Conventional pensions are more driven and focused on generating revenue and profits. The wealth and revenue growth of conventional pensions are often generated from risky or interest-based investment strategies.

Key Features Of Halal Pensions


If you work in the public sector and pay into a workplace pension it is very likely that you have a defined benefit pension. You should ask your employer for information relating to your pension so you can assess whether it is a defined benefit pension. If it is, then the pension should be halal.

Always check to see what fund your pension monies are located in.The main features of a halal pension include the following:

  • Compliance with Islam and Sharia rules: this is fairly obvious but any pension you have must not contravene any Sharia rules about finances.
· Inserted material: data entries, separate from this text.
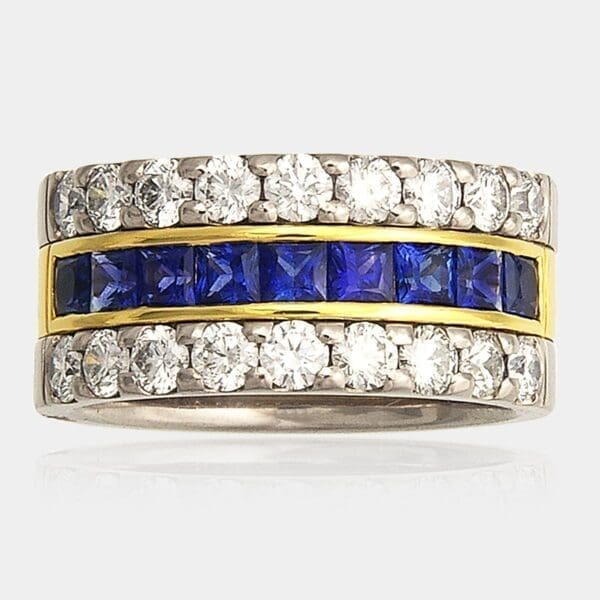 Margarita Two Tone Wedding Ring Set with Diamonds and Sapphires
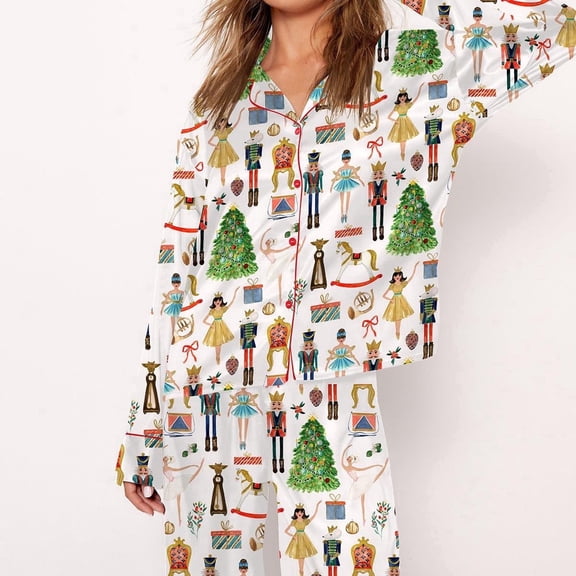 SheShow Christmas Nutcracker Print Silky Casual Long Sleeve Pajama Set for Women, White, L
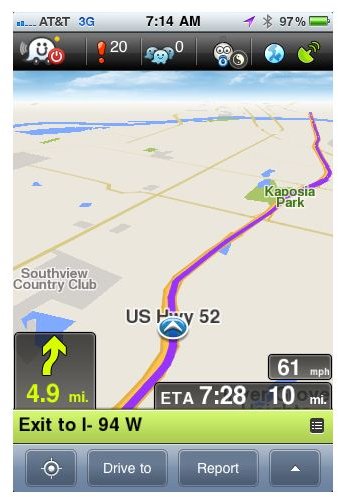 Waze Map Screenshot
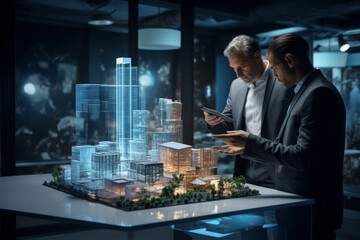 Architect and engineer designing a 3D model of a city. Futuristic concept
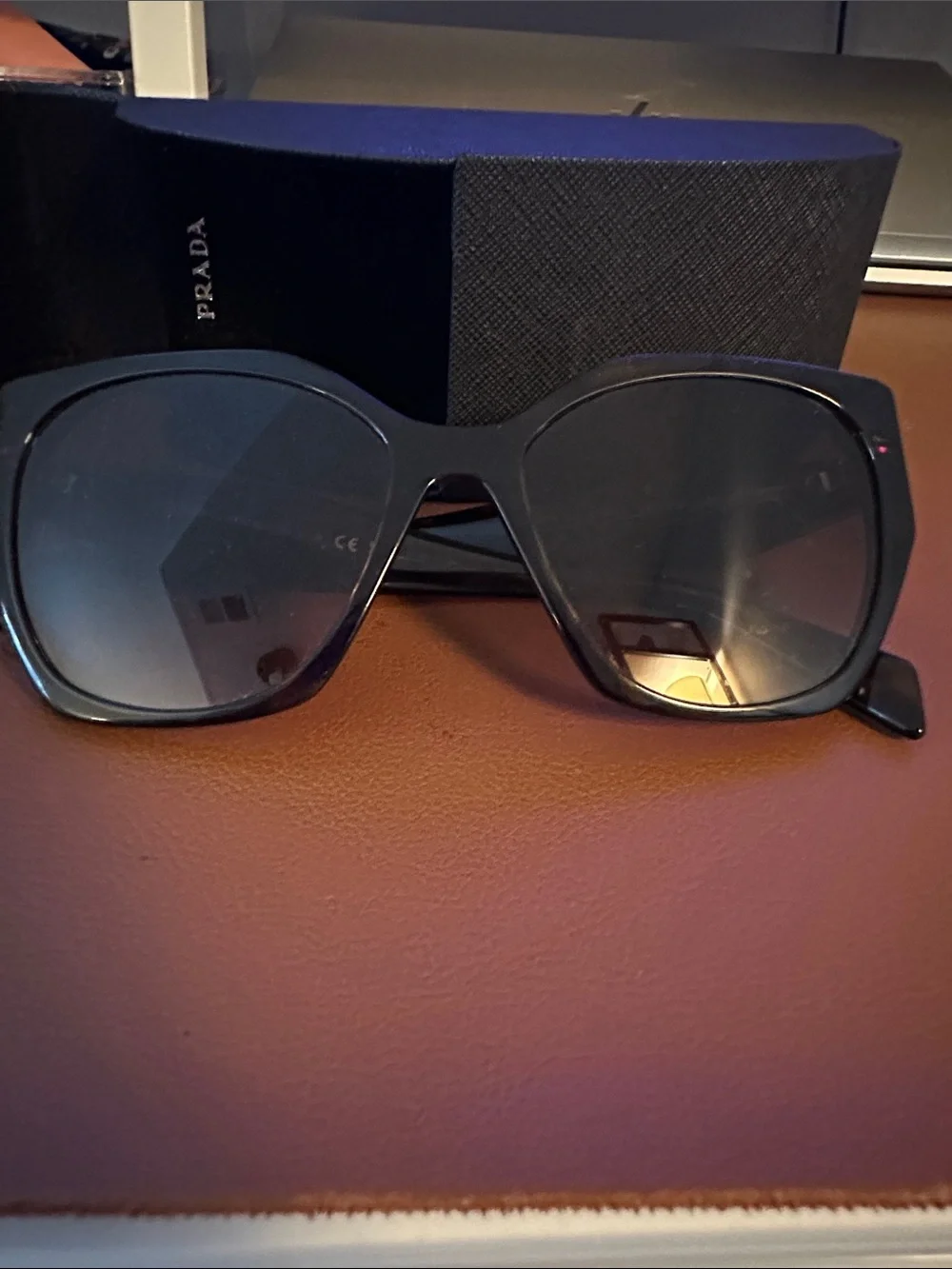 Prada Black Oversized Square Sunglasses with Gradient Lenses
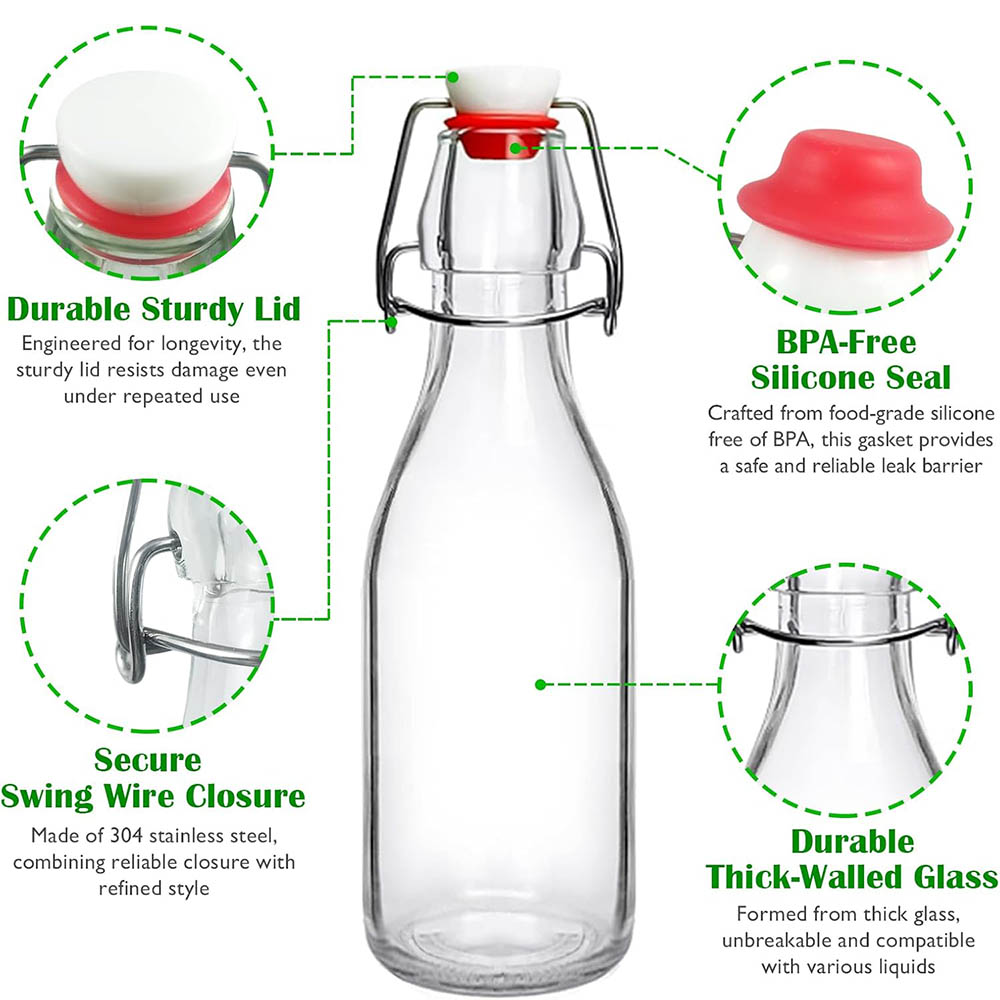 Swing Top Glass Bottles 8.5oz, - Wine Beer Spirits review and price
Whilst you have a choice about which pension fund to invest in, it is your responsibility to make sure you seek expert opinion and advice about the investment and the operations of the scheme.
  • Prohibited investment: for a pension to be deemed to be halal, investors need to make sure the monies are not invested in haram industries (gambling, porn, alcohol etc)
  • No interest: this is one of the underlying concepts in Islamic finance. Sharia rules and guidelines strictly prohibit the payment of receipt of any form of interest. You should be sure to avoid haram bonds or any other investment instrument that relies on interest.
  • Ethics: investors are faced with the obligation to act in an ethical and socially responsible way. This means that investments must align with the core Islamic value of transparency and fairness. Investments must adhere to Sharia rules and guidelines relating to finances.

Ethical And Social Responsibility


Halal pensions are designed to ensure that any investment is socially responsible and ethical. This is a fundamental principle of Islamic finance and must be adhered to.

Anyone who manages a halal pension needs to ensure that they do not invest in any industry, economy, market or product that would deemed to be unethical or haram under Islamic rules.

This means the pension monies cannot be invested in industries that are involved with gambling, porn, alcohol, and any other activities not permissible under Sharia rules.

Any profit or return from investment in these industries is haram

Importance Of Having A Halal Pension For Muslims


For Muslims, having a pension is an essential part of ensuring that they plan for their future.

Not only will having a pension provide you with an income for your future, but ensuring the pension is halal will increase its value for those who wish to remain Sharia compliant.

Workplace Pensions


In the UK, you should have a workplace pension, and your employer is legally required to contribute to your pension fund.

In addition to this, it is always a good idea to think about having a private pension. The main benefit of this, other than having a second pension pot, is that you can direct which pension fund to invest in and you have more of a say about where your pension is invested.

Having a halal pension means you have a savings plan that aligns with the ethical and religious values of Islam.

Key Benefits Of Having A Halal Pension



Some of the benefits of having a halal pension include the following:

  • Compliance with Sharia law
  • Alignment of personal values with financial planning strategies
  • Accessibility to ethical investments
  • Saving for retirement

Halal Pensions In The Uk


The popularity of halal pensions is growing in the United Kingdom and the rest of the world. Not only are they aimed at Muslims looking for Sharia compliant saving and pension plans, but they also attract ethical investors.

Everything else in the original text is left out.